2. Embedding - Audio, Video, and Multimodal

Published

March 13, 2026

Understanding the File API

Audio and video files must be uploaded to Google’s servers via the File API before they can be referenced in an embedding request.

  • Inline bytes (from_bytes): Works for files under 20MB
  • File API upload: Required for files over 20MB. YouTube Shorts MP4s range from 5-50MB, so the File API is the safe default.
Note

Files uploaded via the File API are automatically deleted after 48 hours. For large-scale batch processing, upload just before embedding and save results immediately.

Upload helper function

import time
from pathlib import Path

def upload_and_wait(client, file_path: str) -> str:
    """Upload a file via File API and return the URI after processing."""
    path = Path(file_path)
    print(f"Uploading {path.name} ({path.stat().st_size / 1e6:.1f} MB)...")

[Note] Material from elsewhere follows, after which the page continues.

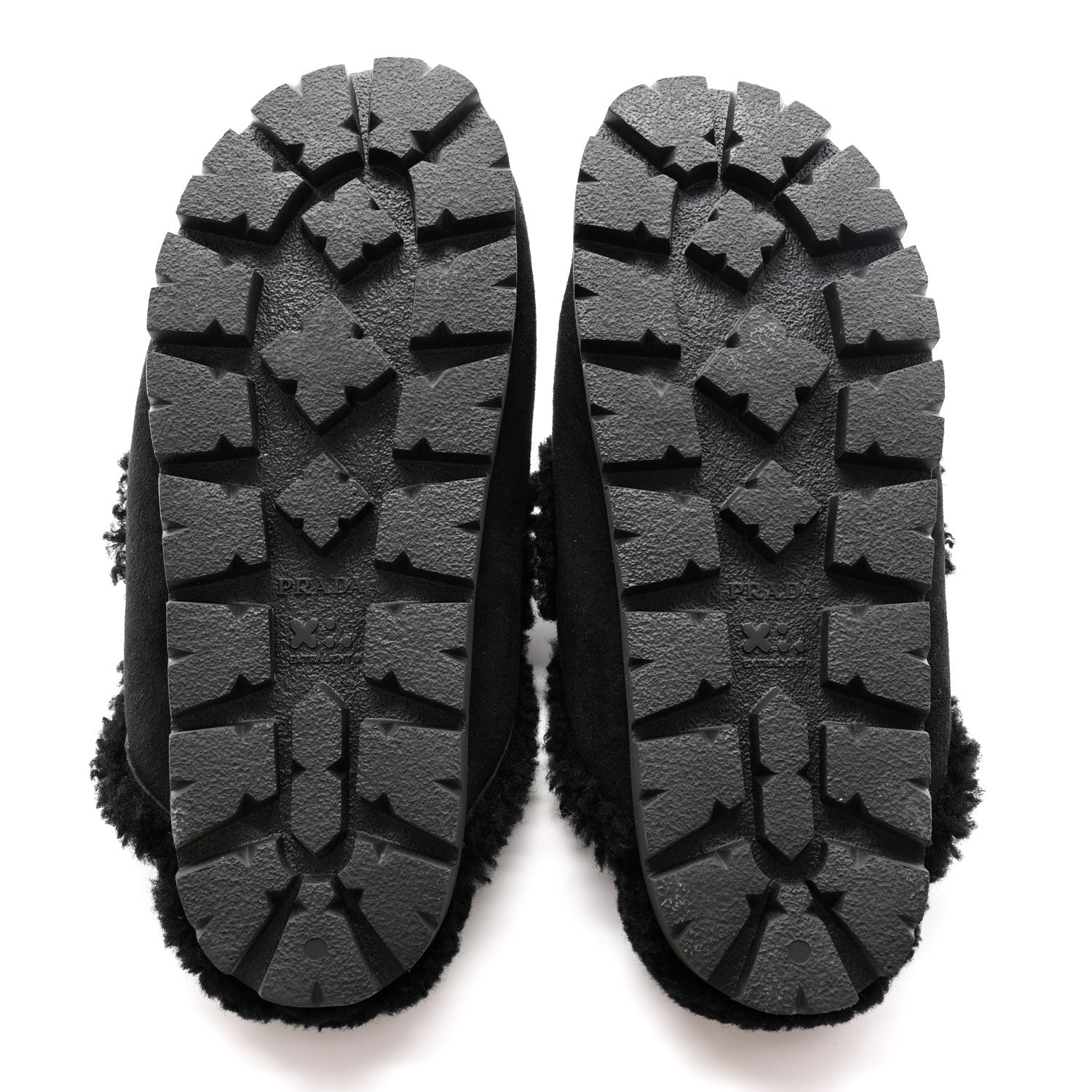 Prada Shearling Metal Triangle Logo 20mm Slippers 37 Black 5 of 8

    uploaded = client.files.upload(path=str(path))

    # Wait for server-side processing (typically 5-30 seconds)
    while uploaded.state.name == "PROCESSING":
        time.sleep(2)
        uploaded = client.files.get(name=uploaded.name)

    if uploaded.state.name == "FAILED":
        raise RuntimeError(f"Upload failed: {path.name}")

    print(f"  -> Done. URI: {uploaded.uri[:50]}...")
    return uploaded.uri

Text embedding: Transcript vs. title

Before embedding audio or video, we need a text baseline. There are two options, and the choice matters more than expected.

Title + description (metadata)

result = client.models.embed_content(
    model="gemini-embedding-exp-03-07",
    contents=f"{title}\n{description}",
    config=types.EmbedContentConfig(
        task_type="SEMANTIC_SIMILARITY"
    )
)
text_title_vec = np.array(result.embeddings[0].values)  # (3072,)

Full transcript (Whisper)

We use local Whisper transcription (whisper-medium-komixv2-mlx, Korean fine-tuned, MLX GPU-accelerated) to generate speech transcripts for all Shorts. This runs on Apple Silicon at ~2.3 sec/video with zero API cost.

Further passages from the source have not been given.